A round-up of recent news in clean technology and cleantech investment.
Deals
Spanish solar developer Fotowatio has raised a Euro225m round from General Electric Energy Financial and the Landon family office. The firm is developing a string of 10-20MW PV parks around Spain, and is also looking at thermosolar and biofuel opportunities.
Italian environmental investor Ambienta has taken an 80% stake in biofuel producer Italiana Pellets. Ambienta is investing Euro5.4m equity, while banking group Intesa Sanpaolo is providing Euro31m project financing for a 120,000t/a biomass pellet plant in Pavia.
Dutch metals recycling company ReSteel has raised undisclosed launch funding from cleantech specialist Icos Capital. ReSteel, a spin-out from Delft University of Technology is commercialising a new method for recovering high quality steel and copper from waste.
Google.org, the investment wing of the search engine giant, squirted funds into a couple of geothermal tech developers - $6.25m for AltaRock Energy and $4m for Potter Drilling. Both firms are developing tech for enhanced geothermal systems, in which water is cycled through deep wells and its heat used to drive electricity-generating turbines.

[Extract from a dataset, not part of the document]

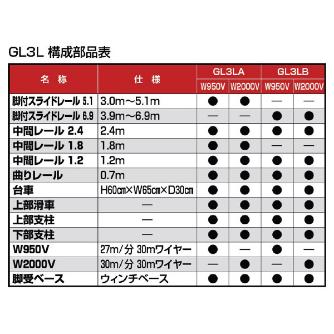 （株）ピカコーポレイション 二連式万能荷揚げ機 スライドタワー GL3L 二連式万能荷揚げ機　スライドタワー GL3LA-W950V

Sticking with geothermal, Simbol Mining, joint winner of the Cleantech Group's Most Promising Technology award in July, has raised a $7.6m first round from Mohr Davidow Ventures and Firelake Capital. The California company has the tech to extract metals including lithium, much in demand for smart batteries and other clean applications, from the mineral-rich water raised by geothermal power plants.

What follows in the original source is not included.